Но «ужас гражданской войны» уже вошел в быт человеческого существования. Кремовые шторы не защищают героев от надвигающихся событий. Во всем чувствуется напряжение — и когда говорится о бегстве гетмана, и когда мирно украшают елку. Постоянно Булгаков вводит детали, которые передают драматическую напряженность...
Алексею Турбину не дает покоя «одна неотвязная мысль». Ему кажется, что Петлюра — «это миф, это черный туман». Он старается убедить в этом и себя, и друзей своих, что «его вовсе нет»... «Вы гляньте в окно, посмотрите, что там. Там метель, какие-то тени...» В России, «господа, две силы — большевики и мы».
Как хорошо бы отгородиться от мира кремовыми шторами, представить себе реальную действительность мифом, чем-то выдуманным, нереальным... Это одна из характерных черт интеллигенции того времени. «Какие-то тени...» Это стремление уговорить самих себя. Найти компромисс со своей совестью, которая не дает покоя. Но от себя не уйдешь. Уютная квартирка «золотой» Елены кажется незыблемым, надежным пристанищем для всех потерпевших крушение. Приходит Мышлаевский, приезжают Лариосик, Шервинский... Все они отдыхают здесь душой. Но все это временно. Неуверенность входит и в этот мир, такой спокойный и радостный. Герои привыкли к прочности, незыблемости прежнего мира. Поэтому Алексей Турбин заявляет, что он «не социалист, а монархист», что он не выносит даже самого слова «социалист», но вкладывает он в это слово совсем другой смысл: он ненавидит Керенского.

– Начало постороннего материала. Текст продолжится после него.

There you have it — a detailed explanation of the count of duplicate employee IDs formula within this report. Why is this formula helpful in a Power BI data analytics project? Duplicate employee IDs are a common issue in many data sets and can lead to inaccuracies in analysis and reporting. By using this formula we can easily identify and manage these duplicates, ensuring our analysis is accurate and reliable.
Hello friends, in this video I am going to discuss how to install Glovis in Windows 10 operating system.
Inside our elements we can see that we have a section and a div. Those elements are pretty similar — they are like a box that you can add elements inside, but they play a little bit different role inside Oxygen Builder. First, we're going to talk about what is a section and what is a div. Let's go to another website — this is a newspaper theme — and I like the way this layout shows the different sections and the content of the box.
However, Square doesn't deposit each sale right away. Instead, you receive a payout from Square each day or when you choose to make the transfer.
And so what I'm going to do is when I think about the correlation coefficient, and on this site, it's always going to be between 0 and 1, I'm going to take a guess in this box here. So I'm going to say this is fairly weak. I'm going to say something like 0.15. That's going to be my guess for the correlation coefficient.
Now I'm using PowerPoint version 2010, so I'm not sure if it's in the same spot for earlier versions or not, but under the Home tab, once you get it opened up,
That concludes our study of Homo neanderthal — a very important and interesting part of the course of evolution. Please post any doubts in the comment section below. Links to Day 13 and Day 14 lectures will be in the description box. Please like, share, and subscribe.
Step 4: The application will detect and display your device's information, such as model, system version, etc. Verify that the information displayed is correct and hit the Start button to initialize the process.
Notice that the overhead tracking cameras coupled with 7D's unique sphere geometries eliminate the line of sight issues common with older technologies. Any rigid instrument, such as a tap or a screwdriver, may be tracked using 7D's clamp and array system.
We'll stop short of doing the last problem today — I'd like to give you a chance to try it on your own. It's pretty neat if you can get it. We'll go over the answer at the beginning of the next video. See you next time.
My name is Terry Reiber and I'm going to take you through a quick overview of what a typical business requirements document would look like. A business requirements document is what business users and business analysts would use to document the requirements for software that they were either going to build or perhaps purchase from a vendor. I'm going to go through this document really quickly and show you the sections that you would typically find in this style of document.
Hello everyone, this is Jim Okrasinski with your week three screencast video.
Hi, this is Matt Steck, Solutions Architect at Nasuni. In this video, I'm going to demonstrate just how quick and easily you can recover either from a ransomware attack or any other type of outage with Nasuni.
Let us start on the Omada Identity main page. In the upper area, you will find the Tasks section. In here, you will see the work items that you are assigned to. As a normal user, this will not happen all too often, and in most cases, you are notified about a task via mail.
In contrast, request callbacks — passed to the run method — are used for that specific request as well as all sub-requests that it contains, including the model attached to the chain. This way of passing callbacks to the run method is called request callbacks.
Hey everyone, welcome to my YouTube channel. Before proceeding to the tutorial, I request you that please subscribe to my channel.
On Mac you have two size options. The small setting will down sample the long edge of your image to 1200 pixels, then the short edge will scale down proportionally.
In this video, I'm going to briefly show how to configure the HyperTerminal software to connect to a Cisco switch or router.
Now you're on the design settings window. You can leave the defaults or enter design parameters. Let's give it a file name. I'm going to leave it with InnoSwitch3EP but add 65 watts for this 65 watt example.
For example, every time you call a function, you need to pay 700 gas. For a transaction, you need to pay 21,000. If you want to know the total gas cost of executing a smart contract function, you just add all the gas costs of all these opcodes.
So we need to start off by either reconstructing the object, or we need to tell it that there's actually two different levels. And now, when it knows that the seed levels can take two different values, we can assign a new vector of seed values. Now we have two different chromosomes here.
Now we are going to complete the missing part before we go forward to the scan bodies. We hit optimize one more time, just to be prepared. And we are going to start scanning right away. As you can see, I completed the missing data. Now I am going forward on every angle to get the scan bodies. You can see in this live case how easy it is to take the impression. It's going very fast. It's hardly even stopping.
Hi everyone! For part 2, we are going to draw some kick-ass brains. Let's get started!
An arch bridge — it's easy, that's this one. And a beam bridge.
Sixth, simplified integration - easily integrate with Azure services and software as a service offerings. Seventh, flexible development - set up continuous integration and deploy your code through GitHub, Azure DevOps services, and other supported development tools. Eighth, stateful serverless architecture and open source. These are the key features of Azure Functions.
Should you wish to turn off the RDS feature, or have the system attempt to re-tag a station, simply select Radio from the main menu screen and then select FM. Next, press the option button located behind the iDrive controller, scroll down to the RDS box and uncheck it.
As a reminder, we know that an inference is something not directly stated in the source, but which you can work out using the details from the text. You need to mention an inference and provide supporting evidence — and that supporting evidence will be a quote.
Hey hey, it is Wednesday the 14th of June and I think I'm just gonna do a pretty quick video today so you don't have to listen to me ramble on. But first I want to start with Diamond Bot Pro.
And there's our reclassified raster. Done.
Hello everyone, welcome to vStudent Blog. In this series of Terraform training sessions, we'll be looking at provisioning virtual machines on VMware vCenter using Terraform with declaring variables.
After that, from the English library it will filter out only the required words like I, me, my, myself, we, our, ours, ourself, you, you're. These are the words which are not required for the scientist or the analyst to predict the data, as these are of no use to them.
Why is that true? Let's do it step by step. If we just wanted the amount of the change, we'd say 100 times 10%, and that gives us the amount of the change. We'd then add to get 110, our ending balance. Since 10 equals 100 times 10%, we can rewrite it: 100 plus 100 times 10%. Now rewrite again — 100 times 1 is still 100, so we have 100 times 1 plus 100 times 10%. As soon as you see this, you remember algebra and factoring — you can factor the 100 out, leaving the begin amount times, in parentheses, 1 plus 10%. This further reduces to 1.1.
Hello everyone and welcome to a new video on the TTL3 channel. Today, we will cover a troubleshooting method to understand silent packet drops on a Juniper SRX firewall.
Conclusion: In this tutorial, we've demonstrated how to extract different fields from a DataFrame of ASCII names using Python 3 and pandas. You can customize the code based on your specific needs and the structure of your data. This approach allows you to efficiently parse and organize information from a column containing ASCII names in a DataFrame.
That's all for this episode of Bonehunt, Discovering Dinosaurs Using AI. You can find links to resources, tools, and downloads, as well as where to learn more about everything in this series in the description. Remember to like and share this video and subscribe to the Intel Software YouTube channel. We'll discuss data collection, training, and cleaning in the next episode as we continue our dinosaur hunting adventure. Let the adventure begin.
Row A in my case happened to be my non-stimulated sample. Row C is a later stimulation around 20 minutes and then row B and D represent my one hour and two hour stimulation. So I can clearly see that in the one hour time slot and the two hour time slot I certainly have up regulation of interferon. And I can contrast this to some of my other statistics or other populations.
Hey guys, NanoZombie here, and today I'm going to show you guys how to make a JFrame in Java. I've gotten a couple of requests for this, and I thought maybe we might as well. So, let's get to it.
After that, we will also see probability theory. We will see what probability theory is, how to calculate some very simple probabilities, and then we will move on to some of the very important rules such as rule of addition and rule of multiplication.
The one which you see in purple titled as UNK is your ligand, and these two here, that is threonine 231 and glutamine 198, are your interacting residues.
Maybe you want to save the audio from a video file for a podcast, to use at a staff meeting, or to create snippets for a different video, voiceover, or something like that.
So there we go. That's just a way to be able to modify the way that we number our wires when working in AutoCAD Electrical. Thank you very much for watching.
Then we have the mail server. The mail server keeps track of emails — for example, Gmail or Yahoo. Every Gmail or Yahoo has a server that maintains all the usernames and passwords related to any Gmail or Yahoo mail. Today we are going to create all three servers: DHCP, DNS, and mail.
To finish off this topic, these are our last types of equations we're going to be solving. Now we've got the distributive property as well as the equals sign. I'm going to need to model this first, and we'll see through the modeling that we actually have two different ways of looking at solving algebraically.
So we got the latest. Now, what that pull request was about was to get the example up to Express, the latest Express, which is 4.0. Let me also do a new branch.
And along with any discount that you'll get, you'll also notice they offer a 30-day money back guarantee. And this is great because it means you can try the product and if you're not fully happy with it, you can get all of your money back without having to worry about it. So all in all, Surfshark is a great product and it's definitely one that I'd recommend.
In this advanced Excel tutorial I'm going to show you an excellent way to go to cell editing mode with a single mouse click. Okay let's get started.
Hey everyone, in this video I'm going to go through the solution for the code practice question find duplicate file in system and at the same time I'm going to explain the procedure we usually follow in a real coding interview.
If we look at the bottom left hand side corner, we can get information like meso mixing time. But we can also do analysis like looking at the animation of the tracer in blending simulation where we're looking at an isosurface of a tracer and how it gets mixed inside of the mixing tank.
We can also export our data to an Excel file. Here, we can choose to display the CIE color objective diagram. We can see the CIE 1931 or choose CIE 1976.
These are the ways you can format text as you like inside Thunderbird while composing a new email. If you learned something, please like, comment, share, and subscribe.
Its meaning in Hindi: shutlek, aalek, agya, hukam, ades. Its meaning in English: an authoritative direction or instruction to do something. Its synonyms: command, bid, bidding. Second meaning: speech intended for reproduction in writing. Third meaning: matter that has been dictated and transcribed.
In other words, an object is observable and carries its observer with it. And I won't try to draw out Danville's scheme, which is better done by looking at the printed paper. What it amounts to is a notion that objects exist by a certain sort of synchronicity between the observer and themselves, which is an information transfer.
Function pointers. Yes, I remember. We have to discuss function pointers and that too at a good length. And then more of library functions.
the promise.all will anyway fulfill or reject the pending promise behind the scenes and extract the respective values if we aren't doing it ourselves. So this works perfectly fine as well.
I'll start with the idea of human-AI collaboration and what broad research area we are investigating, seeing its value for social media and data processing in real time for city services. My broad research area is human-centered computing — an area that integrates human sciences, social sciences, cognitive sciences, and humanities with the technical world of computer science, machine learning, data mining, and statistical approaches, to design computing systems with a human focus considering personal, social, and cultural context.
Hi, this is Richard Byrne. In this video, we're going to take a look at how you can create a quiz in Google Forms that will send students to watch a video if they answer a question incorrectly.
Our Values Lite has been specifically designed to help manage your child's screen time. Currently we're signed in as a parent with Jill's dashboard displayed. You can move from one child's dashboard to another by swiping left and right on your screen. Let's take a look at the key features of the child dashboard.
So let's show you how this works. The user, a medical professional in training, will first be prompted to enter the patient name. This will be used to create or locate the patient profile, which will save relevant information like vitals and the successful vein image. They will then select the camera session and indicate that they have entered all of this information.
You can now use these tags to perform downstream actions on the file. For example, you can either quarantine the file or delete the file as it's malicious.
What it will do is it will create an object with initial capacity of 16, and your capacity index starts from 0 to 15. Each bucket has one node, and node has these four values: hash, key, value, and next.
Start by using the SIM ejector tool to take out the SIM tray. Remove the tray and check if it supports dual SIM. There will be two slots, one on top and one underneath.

В пьесе Алексей — кадровый военный. Он полковник. Участник первой мировой войны. Армия должна защищать порядок. Он принимал присягу. И, верный своему долгу, оказался в белой гвардии, как только свершились революционные события. Он не выбирает, как Тальберг, к кому примкнуть. Не мысли о карьере двигают его поступками, а долг, порядочность, нравственная обязанность перед теми святынями, которым он поклонялся, — Родина, честь, бескорыстное служение народу.